Our sensory system evaluates every physical setting we inhabit, however briefly. Our neural computations do not present us with a quantitative answer, of course, but instead we get an unmistakable feeling in our body reacting to hormones and nerve signals. The human perceptive system is exquisitely designed to detect variations in the quality of our surroundings. We adapt our behavior accordingly. A spatial configuration, translated subconsciously but very rapidly into an intuitive assessment of where we are, can be evaluated only in person, directly, using one’s senses — all of them. That is why, ultimately, our perceptual system is the only qualified and dependable judge of where we are and whether it is good for us. Such judgments cannot easily be made from pictures, architectural drawings, intellectual arguments, or others’ opinions.

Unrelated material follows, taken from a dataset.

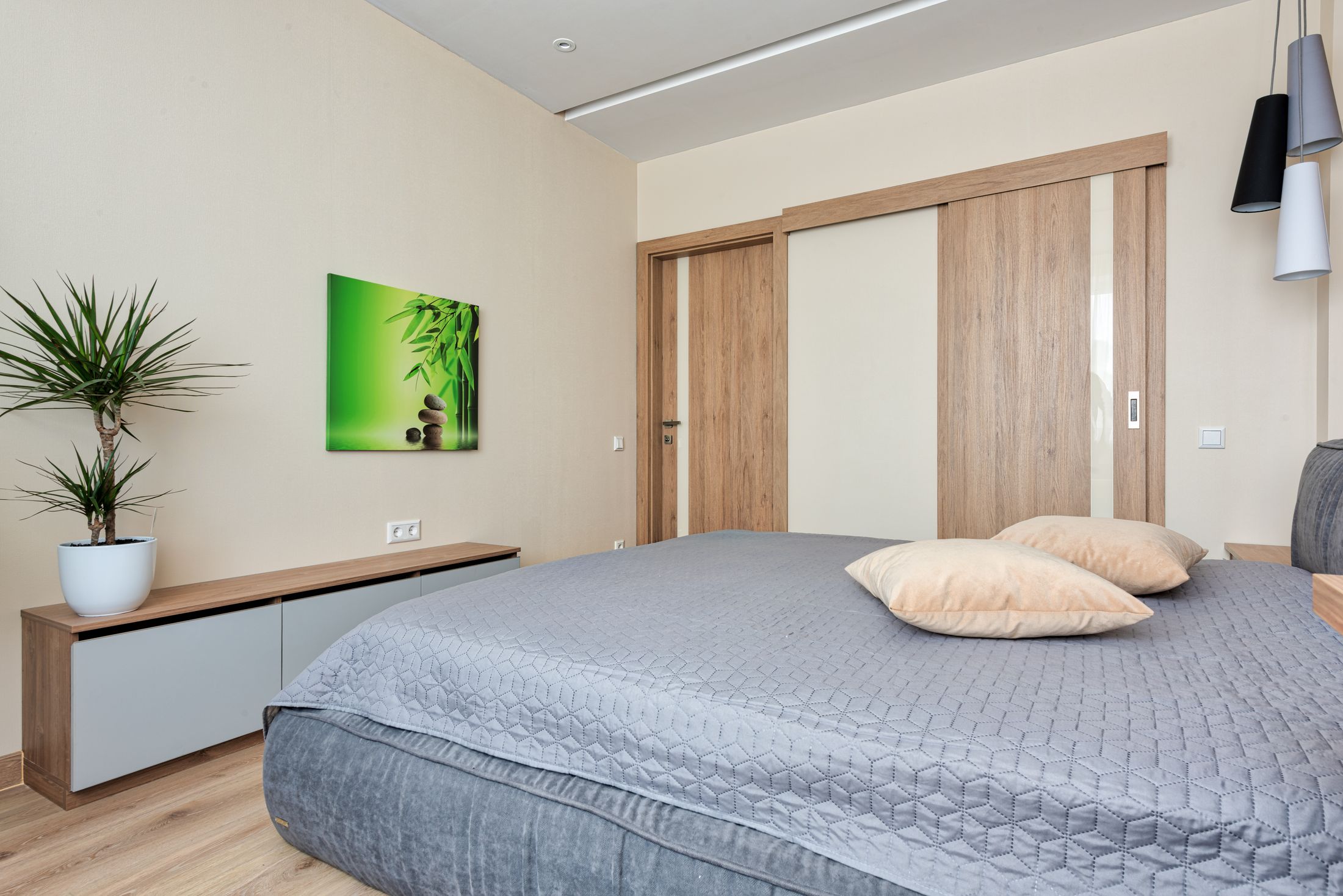 Bedroom with wooden sliding wardrobe doors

We have been taught to think of space as fixed and static, whereas human movement and life always generate a dynamic interaction with our environment as we move through it. Life couples us to the structures we inhabit, our perception engaging an information field that shifts continuously as we move. Dynamic interaction determines the effect that the environment exerts on us as we move about, and these complex signals are static only when we are stationary. Adaptive design takes into account our visceral responses as a result of movement — the dynamic versus the static nature of information, which are entirely different.
Re-connecting humans with their surroundings applies the special geometry of nature to improve mental and physical nourishment. The aim is to lower the stresses on the human body, helping its built-in defenses to fight illness and to promote healing. This is how biophilia works.
One of the opportunities of urban design and architecture is that, through the design of form, space and materiality, it can order our relationships with each other and our environment by creating interactive settings for life. It can do this in such a way as to provide opportunities to improve our sense of well-being, enrich our lives, make our lives healthier and more pleasurable.